2. Where no Member State responsible can be designated on the basis of the criteria listed in this Regulation, the first Member State with which the application for international protection was lodged shall be responsible for examining the application.

Where it is impossible to transfer an applicant to the Member State initially designated as responsible because there are substantial grounds for believing that there are systemic deficiencies in the asylum procedure and in the reception conditions of applicants in that Member State which give rise to a risk of inhuman or degrading treatment within the meaning of Article 4 of the Charter of Fundamental Rights of the European Union, the Member State carrying out the determination of the Member State responsible shall continue the examination of the criteria set out in Chapter III in order to decide whether any of those criteria allows another Member State to be designated as responsible.

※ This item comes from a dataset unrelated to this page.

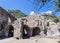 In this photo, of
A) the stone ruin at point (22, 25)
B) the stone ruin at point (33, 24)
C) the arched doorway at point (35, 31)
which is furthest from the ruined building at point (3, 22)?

Where a transfer pursuant to this paragraph cannot be made to a Member State designated on the basis of the criteria set out in Chapter III or to the first Member State where the application was lodged, the Member State determining the Member State responsible shall become the Member State responsible».                                   

  • The Supreme Court considers that the SEF's decision is in perfect harmony with the stipulations of the first paragraph of Article 3(2) cited above: in fact, since Portugal "could not be designated" on the basis of the criteria set out in Chapter III of the Regulation in question, the first State responsible for examining the application for international protection formulated would be the Italian State;


  • For the SAC, the Court of First Instance, in having favoured the application of the second and third subparagraphs of Article 3(2) in question to the detriment of the first subparagraph, precisely because it considered that there were indications of "systemic failures" in the asylum procedure and reception conditions of applicants for international protection in Italy, erred insofar as those indications, together with the applicant's statements, did not impose on the SEF the duty to conduct an ex-officio search for information relating to the asylum procedure and reception conditions of refugees in Italy;


  • For the SAC, from the statements given by the applicant it can only be concluded that he came from Italy to Portugal because he did not feel safe, as there were many problems in the camp where he was staying and because it was very difficult to go to hospital. In other words, according to the Supreme Court, the applicant essentially invokes reasons of safety and difficult hospital attendance, doing so in a very general way, since he does not specify any episode that could illustrate his complaint;


  • Also for the SAC, it follows from recitals 4 and 5 of Regulation [EU] 604/2013, of the European Parliament and of the Council, of 26.06.2013, that it was intended to implement a clear and operational method for determining the Member State responsible for examining asylum applications, and that that method should be based on objective and fair criteria, so as to enable a rapid determination of the Member State responsible and not to compromise the objective of the rapid processing of applications for international protection. It follows that only in duly justified cases, that is to say, in those cases in which there are valid reasons to believe that 'there are systemic failings in the asylum procedure and in the reception conditions of applicants' and that such failings entail a risk of inhuman or degrading treatment, in particular because they involve torture, is it incumbent on the State concerned to seek to obtain up-to-date information on the existence of a risk that the applicant will be subjected to that kind of treatment;


  • However, according to this court, this is not the case here, where the applicant's complaints about his stay in a "refugee" camp in Italy are not such as to give rise to any "serious suspicion" - valid reasons - that he will suffer "inhuman or degrading" treatment by the Italian State;


  • It should be added that the news reports referred to also do not require the condemnation of the SEF, since for the Supreme Court they refer, in isolation, to an unusual situation: that of the abnormal flow of illegal immigration of citizens from African countries to Europe, via Italy;


  • According to the Supreme Court, it was an avalanche of illegal immigration, made up of a group of immigrants including potential refugees but not only potential refugees, which caused a deficit in the conditions of reception by Italy, provoking a hostile political reaction in order to arouse the solidarity of the other Member States in the resolution of the problem. Hence, the news conveyed only reflects this, and are not capable, in itself, of implying the risk of inhuman or degrading treatment, including torture, of applicants for international protection by the Italian State.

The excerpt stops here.